Most T cell acute lymphoblastic leukemia (T-ALL) patients respond to chemotherapy, however many relapse with limited therapy options. To address this problem, we are utilizing a newly-developed human T-ALL system to study two potential therapy targets (NOTCH1 and MLL1) and their interaction, to determine if they can be co-inhibited to eradicate disease. Since compounds that inhibit NOTCH1 and MLL1 are already in development, this novel combination strategy could lead to clinical approval sooner.

Targeting immune checkpoint protein B7-H3 (CD276) in acute myeloid leukemia

We found that immune checkpoint protein B7-H3 is overexpressed in Acute Myeloid Leukemia (AML) cells compared to normal hematopoietic cells. We have developed four monoclonal antibodies (mAbs) which successfully block B7-H3 and activate NK cells to induce apoptosis in AML cells. In this proposal we propose to generate therapeutically relevant anti-B7-H3 chimeric recombinant mAbs and test their activity in vivo. In addition, we will identify the receptor for B7-H3 expressed on NK cells.

XPO-1 as a novel therapeutic target in GATA-3 expressing mature T-cell lymphomas

GATA-3 identifies high-risk subtypes of mature T-cell lymphomas (MTCL), as its target genes, which we have systematically identified, have significant cell-autonomous and non-cell-autonomous (by regulating constituents of the tumor microenvironment) roles in these MTCL. As our preliminary data suggests that XPO-1 inhibition is a novel, and largely unexplored, therapeutic strategy in these MTCL, we will examine its cell-autonomous (Aim #1) and non-cell-autonomous (Aim #2) role in GATA-3+ MTCL.

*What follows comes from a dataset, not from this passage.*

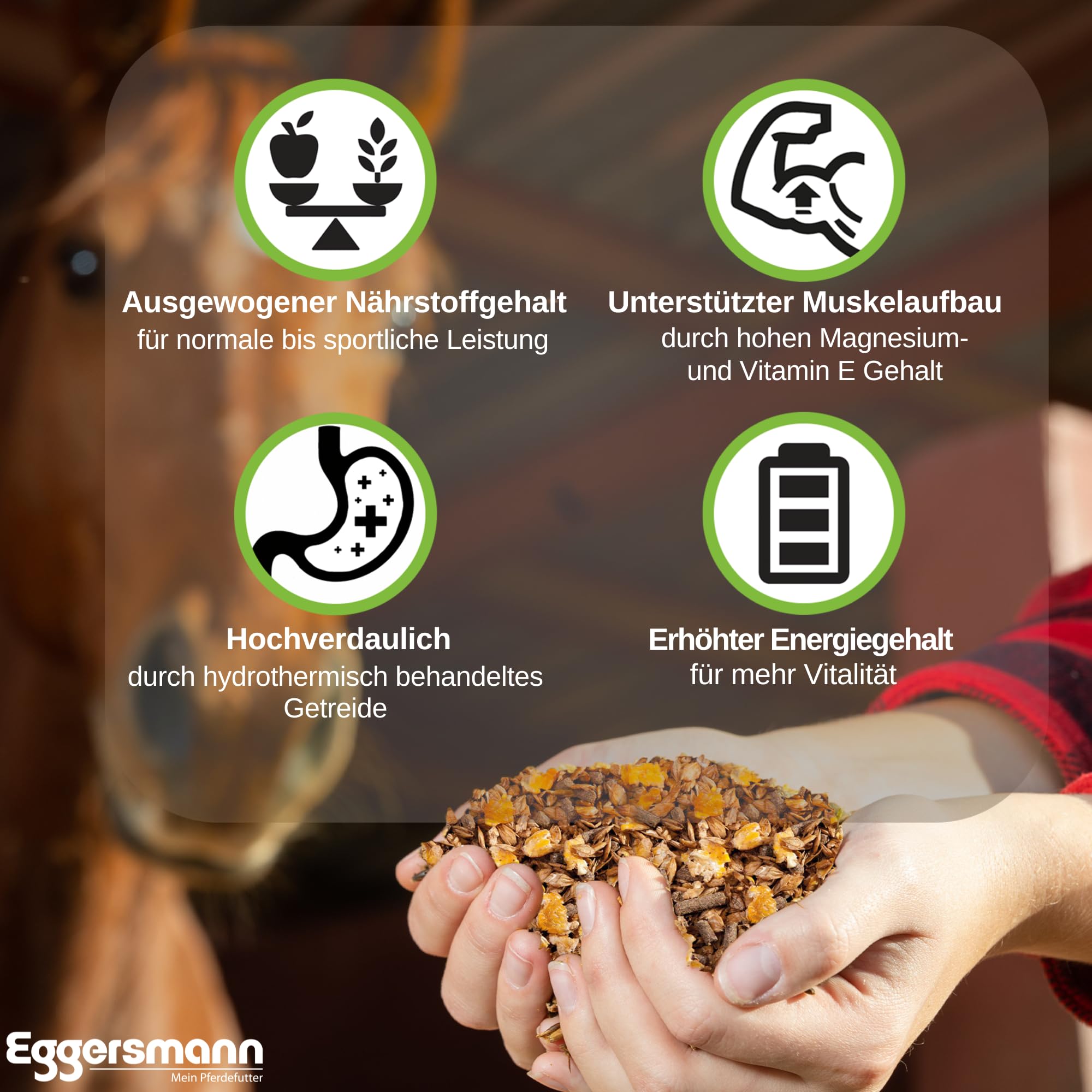 Eggersmann EMH Classic muesli 20 kg - muesli per Cavalli Senza Avena per Cavalli Sportivi per la Protezione dell'apparato Muscolare, mangime Naturale per Cavalli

Overcoming BTK Inhibitor Resistance in Chronic Lymphocytic Leukemia

Coming soon.

Restoring lymphoma immunosurveillance by combined EZH2 inhibition and immunotherapy

The project builds on evidence that mutations leading to persistent EZH2 activation drive germinal center B-cell lymphomagenesis by disrupting T-cell surveillance, and will test the hypothesis that EZH2 inhibition synergizes with immune checkpoint blockade and/or co-stimulation to eradicate these diseases. These results will provide the rationale for clinical development of precision-medicine immune-epigenetic combination therapies for lymphomas where these mechanisms are specifically altered.

Testing targeted therapy in LCH

We propose to the hypothesis that patients with LCH who fail initial chemotherapy will respond to a targeted strategy of blocking MAPK signaling through MEK inhibition.  This trial is a Phase 2 study to evaluate the safety and efficacy of cobimetinib in patients with refractory LCH.  Exploratory aims will evaluate response of lesions with specific mutations, ability of peripheral blood mononuclear cells to determine disease burden, and development of somatic mutations in patients who relapse.

Refining Molecular Risk Prediction & Individualized Lymphoma Therapy Using Circulating Tumor DNA

My group studies variation in clinical outcomes of patients with aggressive lymphomas and tries to capture the underlying basis for this variation. We then integrate insights from our studies into molecular prediction tools that inform the probable outcomes of individual patients when treated with therapeutic regimens that are currently available. We hope to build precise risk models that have high predictive value for clinical outcomes of patients with lymphoma. Our goal is to use these models to inform therapeutic trials of novel strategies to improve the outcomes of blood cancer patients.